Given data: Begin
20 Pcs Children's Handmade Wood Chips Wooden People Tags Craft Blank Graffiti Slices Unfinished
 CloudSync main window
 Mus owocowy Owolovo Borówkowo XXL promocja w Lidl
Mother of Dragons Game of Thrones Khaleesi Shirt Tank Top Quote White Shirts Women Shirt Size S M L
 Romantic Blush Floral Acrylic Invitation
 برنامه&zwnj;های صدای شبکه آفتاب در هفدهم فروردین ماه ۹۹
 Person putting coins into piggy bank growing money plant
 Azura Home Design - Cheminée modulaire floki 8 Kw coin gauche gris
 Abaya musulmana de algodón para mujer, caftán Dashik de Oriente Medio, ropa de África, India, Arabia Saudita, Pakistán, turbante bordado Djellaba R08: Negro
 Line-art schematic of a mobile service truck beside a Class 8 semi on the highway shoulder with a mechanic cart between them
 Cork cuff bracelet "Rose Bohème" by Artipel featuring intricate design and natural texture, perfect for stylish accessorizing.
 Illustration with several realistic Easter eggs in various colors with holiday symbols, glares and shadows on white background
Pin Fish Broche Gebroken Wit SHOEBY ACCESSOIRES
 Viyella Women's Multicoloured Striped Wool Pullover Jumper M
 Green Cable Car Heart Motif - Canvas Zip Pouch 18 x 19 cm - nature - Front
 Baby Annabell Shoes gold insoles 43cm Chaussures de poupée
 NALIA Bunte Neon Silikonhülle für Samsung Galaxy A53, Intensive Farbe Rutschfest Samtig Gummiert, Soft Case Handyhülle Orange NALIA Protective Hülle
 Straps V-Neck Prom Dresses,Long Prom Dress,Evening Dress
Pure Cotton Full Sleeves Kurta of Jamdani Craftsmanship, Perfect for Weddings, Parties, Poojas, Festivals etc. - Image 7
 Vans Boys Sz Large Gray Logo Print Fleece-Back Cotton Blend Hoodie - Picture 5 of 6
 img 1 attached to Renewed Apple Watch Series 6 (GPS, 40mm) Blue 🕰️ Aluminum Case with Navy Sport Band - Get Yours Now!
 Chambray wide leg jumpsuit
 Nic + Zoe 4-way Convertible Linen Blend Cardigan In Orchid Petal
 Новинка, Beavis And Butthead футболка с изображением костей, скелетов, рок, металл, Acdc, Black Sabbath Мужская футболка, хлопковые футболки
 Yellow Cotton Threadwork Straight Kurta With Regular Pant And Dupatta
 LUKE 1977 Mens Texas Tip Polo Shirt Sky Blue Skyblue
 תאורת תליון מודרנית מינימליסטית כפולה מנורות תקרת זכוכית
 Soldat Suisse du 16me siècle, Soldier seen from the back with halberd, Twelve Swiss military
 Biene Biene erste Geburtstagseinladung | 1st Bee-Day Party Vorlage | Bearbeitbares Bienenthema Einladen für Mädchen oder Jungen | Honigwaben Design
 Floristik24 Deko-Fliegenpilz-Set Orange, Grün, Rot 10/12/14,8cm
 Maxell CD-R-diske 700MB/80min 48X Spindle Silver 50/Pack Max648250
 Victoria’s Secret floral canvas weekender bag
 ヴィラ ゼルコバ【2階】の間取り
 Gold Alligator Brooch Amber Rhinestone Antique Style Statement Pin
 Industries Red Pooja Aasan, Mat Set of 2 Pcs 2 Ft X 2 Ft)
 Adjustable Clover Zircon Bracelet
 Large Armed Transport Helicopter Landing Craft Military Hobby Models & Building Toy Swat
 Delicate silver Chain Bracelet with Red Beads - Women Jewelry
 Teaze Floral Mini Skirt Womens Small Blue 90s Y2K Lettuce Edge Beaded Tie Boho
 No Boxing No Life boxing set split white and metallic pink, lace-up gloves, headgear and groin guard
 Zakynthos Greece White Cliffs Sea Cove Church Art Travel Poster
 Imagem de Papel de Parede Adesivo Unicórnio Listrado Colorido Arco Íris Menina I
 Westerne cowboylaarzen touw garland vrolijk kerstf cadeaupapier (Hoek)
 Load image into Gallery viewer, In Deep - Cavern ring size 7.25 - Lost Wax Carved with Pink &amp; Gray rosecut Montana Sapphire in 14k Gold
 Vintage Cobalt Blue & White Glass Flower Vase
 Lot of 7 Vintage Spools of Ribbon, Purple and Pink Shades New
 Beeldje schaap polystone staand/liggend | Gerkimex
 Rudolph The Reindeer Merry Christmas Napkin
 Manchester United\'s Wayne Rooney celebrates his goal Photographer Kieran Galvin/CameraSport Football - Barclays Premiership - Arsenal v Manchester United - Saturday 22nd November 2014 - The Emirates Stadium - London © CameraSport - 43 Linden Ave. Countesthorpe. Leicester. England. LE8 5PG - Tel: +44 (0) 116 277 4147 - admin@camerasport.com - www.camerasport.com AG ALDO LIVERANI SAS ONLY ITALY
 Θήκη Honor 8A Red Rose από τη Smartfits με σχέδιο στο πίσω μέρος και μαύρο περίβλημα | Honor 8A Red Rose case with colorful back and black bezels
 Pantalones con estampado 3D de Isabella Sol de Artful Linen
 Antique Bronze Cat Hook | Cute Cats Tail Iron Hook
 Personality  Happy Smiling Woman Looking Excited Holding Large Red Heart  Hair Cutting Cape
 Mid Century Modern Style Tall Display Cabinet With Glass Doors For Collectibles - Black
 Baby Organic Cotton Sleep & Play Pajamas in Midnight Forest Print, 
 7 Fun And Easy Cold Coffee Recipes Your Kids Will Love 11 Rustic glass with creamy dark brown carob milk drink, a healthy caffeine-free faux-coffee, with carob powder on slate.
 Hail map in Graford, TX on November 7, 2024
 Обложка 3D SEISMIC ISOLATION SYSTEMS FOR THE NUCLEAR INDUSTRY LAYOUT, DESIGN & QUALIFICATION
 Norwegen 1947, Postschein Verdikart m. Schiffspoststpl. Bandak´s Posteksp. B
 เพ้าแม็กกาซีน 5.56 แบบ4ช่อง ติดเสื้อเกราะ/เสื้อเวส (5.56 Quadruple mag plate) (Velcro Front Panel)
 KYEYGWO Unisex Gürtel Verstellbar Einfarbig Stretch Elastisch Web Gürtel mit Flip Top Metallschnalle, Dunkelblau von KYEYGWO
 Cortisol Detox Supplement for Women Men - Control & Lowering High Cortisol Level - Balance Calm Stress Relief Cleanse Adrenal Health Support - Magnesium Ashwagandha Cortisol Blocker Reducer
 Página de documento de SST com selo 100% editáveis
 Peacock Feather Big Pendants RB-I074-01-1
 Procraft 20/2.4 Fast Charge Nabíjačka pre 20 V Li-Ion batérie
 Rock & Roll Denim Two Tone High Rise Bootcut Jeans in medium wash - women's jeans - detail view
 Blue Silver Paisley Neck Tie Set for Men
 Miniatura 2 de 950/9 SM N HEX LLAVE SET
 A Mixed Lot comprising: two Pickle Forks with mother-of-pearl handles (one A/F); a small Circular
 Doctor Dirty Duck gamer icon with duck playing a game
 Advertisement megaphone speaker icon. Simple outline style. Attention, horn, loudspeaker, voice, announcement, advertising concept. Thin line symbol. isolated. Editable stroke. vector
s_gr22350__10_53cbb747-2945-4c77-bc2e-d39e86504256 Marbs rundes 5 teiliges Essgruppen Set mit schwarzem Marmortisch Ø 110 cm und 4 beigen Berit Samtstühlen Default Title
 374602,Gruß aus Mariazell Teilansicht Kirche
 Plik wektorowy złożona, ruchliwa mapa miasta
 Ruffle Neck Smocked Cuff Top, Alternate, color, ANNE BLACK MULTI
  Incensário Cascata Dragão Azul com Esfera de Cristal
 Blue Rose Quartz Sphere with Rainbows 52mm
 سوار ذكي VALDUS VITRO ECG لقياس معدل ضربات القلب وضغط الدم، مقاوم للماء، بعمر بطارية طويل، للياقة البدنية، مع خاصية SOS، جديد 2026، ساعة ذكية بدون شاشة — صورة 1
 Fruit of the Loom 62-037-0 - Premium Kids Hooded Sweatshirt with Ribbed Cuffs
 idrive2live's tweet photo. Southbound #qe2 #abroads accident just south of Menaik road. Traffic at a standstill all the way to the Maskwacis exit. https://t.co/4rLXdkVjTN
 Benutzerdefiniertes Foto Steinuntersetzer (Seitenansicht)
Given data: End
**Problem to solve:**
Please reproduce exactly the lines from the first one of the records above through the line containing "Person putting coins", both included, and nothing else.

**Response below:**
20 Pcs Children's Handmade Wood Chips Wooden People Tags Craft Blank Graffiti Slices Unfinished
 CloudSync main window
 Mus owocowy Owolovo Borówkowo XXL promocja w Lidl
Mother of Dragons Game of Thrones Khaleesi Shirt Tank Top Quote White Shirts Women Shirt Size S M L
 Romantic Blush Floral Acrylic Invitation
 برنامه&zwnj;های صدای شبکه آفتاب در هفدهم فروردین ماه ۹۹
 Person putting coins into piggy bank growing money plant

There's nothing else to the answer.